Joan was going through my night table, throwing things on the floor. I began to lay down the flash powder, trying to do it without her noticing. It wasn’t difficult. She had found what she was looking for, the penetrator-resonator set she’d given me, and now was moving the penetrator around her face with one hand, while she hung on to its bird-headed sister with the other. “Let’s make it sing,” she said. “Can we make it sing now? Sing?” She began to hum in imitation of the bird while continuing to move the fish woman all over her body.

The flash of the powder going off made her cry out and drop the resonator on the floor. She shook her head, then yelped as if I’d hurt her when I set off another pile of powder. “Ellen?” she said. “Why are you…let’s sing. Let’s make everything…She told me you were hungry. She told me we could both feed on her, feed on her.”

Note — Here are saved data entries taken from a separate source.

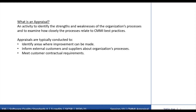An appraisal enables the organization to do multiple things. First, it helps to plan an improvement strategy and prioritize the most important business performance improvements. It also enables you to mitigate risks for product and service acquisition, development, delivery and monitoring. You can demonstrate to customers and business partners about the soundness of your processes and determine the CMMI maturity or capability levels that represent how well your organization's processes conform to CMMI best practices.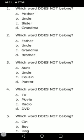Number three: which word does not belong? Aunt, uncle, cousin, parent. Aunt, uncle, and cousin are not such close relations as a parent. A parent is the closest relative one has — a parent is family. Whereas aunt, uncle, and cousin are all relatives. So parent does not belong.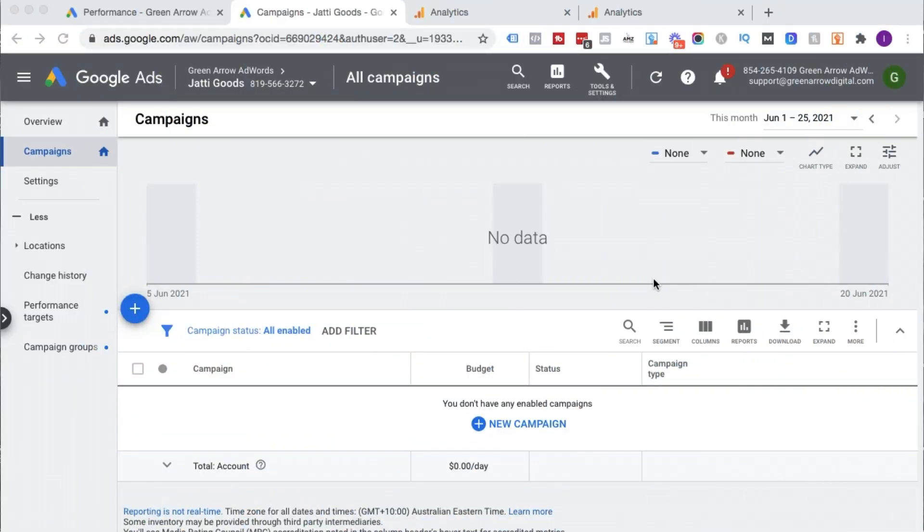Those are the two main reasons why you're going to link your Google Ads account. This video is going to assume that you already have a Google Analytics account installed on your website and that you already have a Google Ads account — not necessarily running ads at the moment. We actually recommend you do this step before you even run any campaigns. There are two ways you can link these accounts: you can do it within Google Ads or within Google Analytics. My personal preference is to do it within Google Analytics.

I set off another flash and then reached around her for the feathers and salt I’d used after the tube people had left. I threw the salt on her and began waving the feathers, trying to think what I needed to say. I don’t remember exactly, but it went something like “Powers of protection and harmony, empty this woman, clean her of invasion and pollution. Send all Malignant and Benign Beings away from her. Seal her and…” I couldn’t say “bless her” because that’s what Benign Ones are supposed to do. And she had been blessed. Lamely, I said, “Seal her and free her.”

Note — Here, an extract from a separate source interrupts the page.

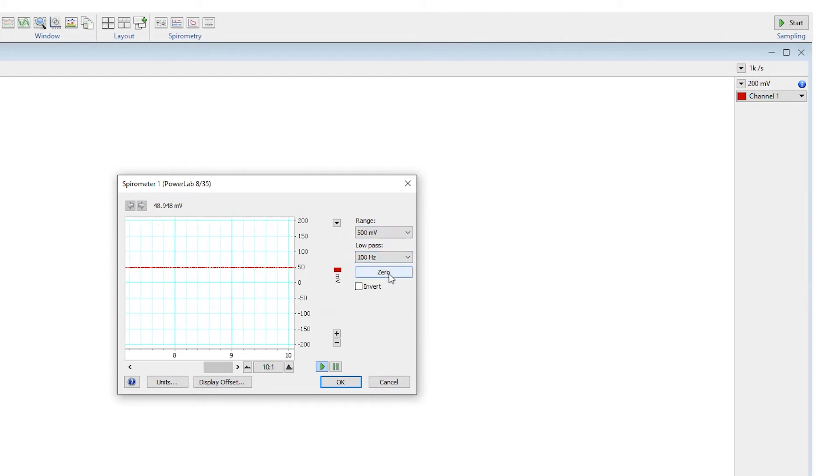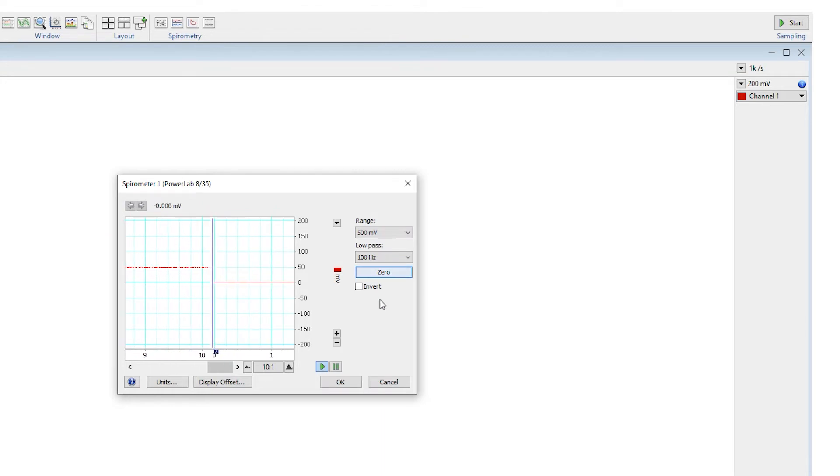Once the flow head is ready to be zeroed, the zero button can be clicked. Once zeroed, click OK.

Joan grabbed a feather out of my hand. When she moved it over my face I turned my head. Dropping it, she began to shake her head. “Ellen?” she said. “Don’t you…Ellen, this is…is it her? Is it her? I’ve got so much, so much, I dreamed about us—” She stopped, turned her head. The doorbell was ringing.

“Harry,” I said, opening it. “Oh God, thank you for getting here.”

It took Harry and I an hour to cool Joan down enough to take her to a clinic of the Inner Spirit, over on Avenue C. Harry was wonderful. He just took her hands and started to dance around the apartment with her, a kind of cheerful square dance skipping and loping, the whole time telling her a stream of gossip about office politics and his upstairs neighbour. When suddenly her knees gave way and she fell down, he sat beside her and began whispering to her, getting her finally to close her eyes and lean against him while I got my mid-winter initiation cloak to put over her in case she went into shock.

Harry wanted to take her to a hospital, but I told him we couldn’t go anywhere with SDA connections. He didn’t argue. At the clinic a Ragged Healer received Joan, waving me away when I tried to tell her what the problem was. The healer, a woman I think, wore a mask of ribbons and strings of beads that covered much of her face. The beads were money, I knew, legal tender in the spirit worlds where she would travel to bring back the scattered pieces of Joan’s soul. On her robe, a heavy shapeless mass of unbleached cotton, fur strips and plastic panels, she carried, among all her other equipment, a small computer screen showing exchange rates for spirit currencies. Several other screens showed images of the room itself, but oddly distorted, either broken down into dots, or with narrow tunnel vision, or filled with pulsating colours. Harry later suggested to me that these might be animal perceptions of the world, the viewpoints of her various animal spirit helpers and fellow travellers. The robe also held keys, bells, a saw and hammer, a miniature flashlight, a hand-sized pinball machine, a fish-shaped water gun, a box of classroom chalk, a group of very small dolls on a metal ring, goggles, eyeglasses with eyes painted on them, and several cans of 35 mm film without a camera. When we formally gave Joan to her care, she handed us several business cards, each with some sort of prophetic image—a volcano exploding, a snake licking a flower, birds eating a carcass—and words in some incomprehensible script.